Email marketing is hard

I’ve watched a couple discussions around the email and anti-spam community recently with a bit of awe. It seems many email marketers are admitting they are powerless to actually implement all the good advice they give to others.
They are admitting they can’t persuade, cajole, influence or pressure their companies to actually follow best practices. Some of the comments public and private comments I’ve heard from various industry leaders:

  • “But my boss tells me we can’t stop what we’re doing, even though we’re getting less than 80% inbox delivery.”
  • “In my heart, I believe that most email marketers have good intentions. They are not out to spam you. They don’t want to send you email that you don’t want, that you’ll delete, or that your (gasp) mark as spam. They want to do the right thing. The challenge is that their [sic] is constant pressure to squeeze more juice out of email marketing. “
  • “My company can’t stop customers from sending to purchased lists, but want a list of really bad vendors so we can ban lists purchased from them. What sellers should we ban?
  • “as an individual who has been doing email marketing for over 10 years now, I can tell you that there are internal pressures, IT resource constraints and just about anything you can imagine that can hinder a email marketer from doing what is right for the subscriber. Understand that as a professional, I strive everyday to become a better email marketer, but I sometimes fail. That in no way makes me stupid…it makes me human.”
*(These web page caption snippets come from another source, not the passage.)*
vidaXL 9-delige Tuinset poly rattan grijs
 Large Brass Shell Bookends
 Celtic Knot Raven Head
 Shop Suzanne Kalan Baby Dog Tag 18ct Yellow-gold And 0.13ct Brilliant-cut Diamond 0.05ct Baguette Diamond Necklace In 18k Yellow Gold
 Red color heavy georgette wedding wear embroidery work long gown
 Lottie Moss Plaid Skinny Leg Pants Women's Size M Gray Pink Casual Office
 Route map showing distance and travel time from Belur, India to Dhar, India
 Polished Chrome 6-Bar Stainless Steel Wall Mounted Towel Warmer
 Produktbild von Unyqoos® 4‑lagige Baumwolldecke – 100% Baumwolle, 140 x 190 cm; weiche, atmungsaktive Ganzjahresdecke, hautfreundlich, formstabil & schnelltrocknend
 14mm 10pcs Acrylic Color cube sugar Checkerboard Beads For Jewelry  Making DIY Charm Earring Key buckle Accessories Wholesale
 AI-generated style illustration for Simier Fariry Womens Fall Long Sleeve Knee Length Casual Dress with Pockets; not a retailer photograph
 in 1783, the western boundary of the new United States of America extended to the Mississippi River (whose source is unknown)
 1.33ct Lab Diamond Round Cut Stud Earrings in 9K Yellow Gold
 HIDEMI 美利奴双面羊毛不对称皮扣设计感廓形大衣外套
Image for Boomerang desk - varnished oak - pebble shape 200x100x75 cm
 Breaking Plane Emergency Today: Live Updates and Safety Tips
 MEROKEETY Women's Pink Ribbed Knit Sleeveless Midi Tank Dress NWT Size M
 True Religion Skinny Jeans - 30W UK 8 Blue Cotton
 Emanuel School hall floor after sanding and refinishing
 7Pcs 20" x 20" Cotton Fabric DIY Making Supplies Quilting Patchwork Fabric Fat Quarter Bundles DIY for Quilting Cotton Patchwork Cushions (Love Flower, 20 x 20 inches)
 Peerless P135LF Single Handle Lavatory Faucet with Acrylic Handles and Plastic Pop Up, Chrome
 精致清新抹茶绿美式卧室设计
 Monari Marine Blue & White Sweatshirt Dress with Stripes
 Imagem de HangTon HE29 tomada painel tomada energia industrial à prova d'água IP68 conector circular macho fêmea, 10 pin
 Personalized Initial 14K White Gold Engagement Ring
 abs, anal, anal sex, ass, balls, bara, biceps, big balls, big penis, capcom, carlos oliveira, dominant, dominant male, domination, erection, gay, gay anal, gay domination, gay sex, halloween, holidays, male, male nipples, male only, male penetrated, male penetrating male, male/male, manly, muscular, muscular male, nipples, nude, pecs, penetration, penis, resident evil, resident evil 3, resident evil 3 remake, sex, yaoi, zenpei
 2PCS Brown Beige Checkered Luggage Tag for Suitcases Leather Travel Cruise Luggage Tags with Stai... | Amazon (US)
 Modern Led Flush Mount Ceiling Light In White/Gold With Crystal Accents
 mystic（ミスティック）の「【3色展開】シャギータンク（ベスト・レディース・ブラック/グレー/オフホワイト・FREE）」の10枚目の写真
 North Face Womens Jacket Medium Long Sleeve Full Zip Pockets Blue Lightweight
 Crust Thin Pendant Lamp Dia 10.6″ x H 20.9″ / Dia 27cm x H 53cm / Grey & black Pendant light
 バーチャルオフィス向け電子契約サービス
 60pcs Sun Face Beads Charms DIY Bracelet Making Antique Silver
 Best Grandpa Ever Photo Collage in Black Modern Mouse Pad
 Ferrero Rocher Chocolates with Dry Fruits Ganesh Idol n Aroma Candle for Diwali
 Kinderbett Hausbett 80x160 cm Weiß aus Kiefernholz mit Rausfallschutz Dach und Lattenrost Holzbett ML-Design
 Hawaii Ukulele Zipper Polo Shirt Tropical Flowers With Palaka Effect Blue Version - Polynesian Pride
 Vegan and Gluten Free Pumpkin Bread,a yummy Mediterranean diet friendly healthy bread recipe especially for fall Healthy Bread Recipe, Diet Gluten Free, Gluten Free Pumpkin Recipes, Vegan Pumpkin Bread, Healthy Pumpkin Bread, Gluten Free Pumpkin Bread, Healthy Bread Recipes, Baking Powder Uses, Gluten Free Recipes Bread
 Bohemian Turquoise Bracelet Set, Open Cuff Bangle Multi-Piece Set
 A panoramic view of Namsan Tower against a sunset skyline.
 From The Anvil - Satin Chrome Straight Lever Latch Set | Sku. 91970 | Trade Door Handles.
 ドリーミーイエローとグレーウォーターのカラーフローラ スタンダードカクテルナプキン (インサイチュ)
I know that people want to squeeze every possible bit of revenue possible out of email. The problem is that, as the above people have admitted, squeezing every possible cent out of email means adopting practices that are disrespectful of the recipient. They are practices that cause most recipients to label mail as spam. That mail is indistinguishable from spam. Delivery is poor and contributes to the general noise in all our mailboxes.
Email marketers need to stand up and stop adopting practices used by spammers. Your recipients don’t care that it might be hard or expensive to not send them mail they didn’t ask for and don’t expect. Your recipients don’t care that you have pressure from your boss to meet quotas this month. Your recipients really only care about themselves and their mailboxes. Respect your recipients ahead of your bottom line.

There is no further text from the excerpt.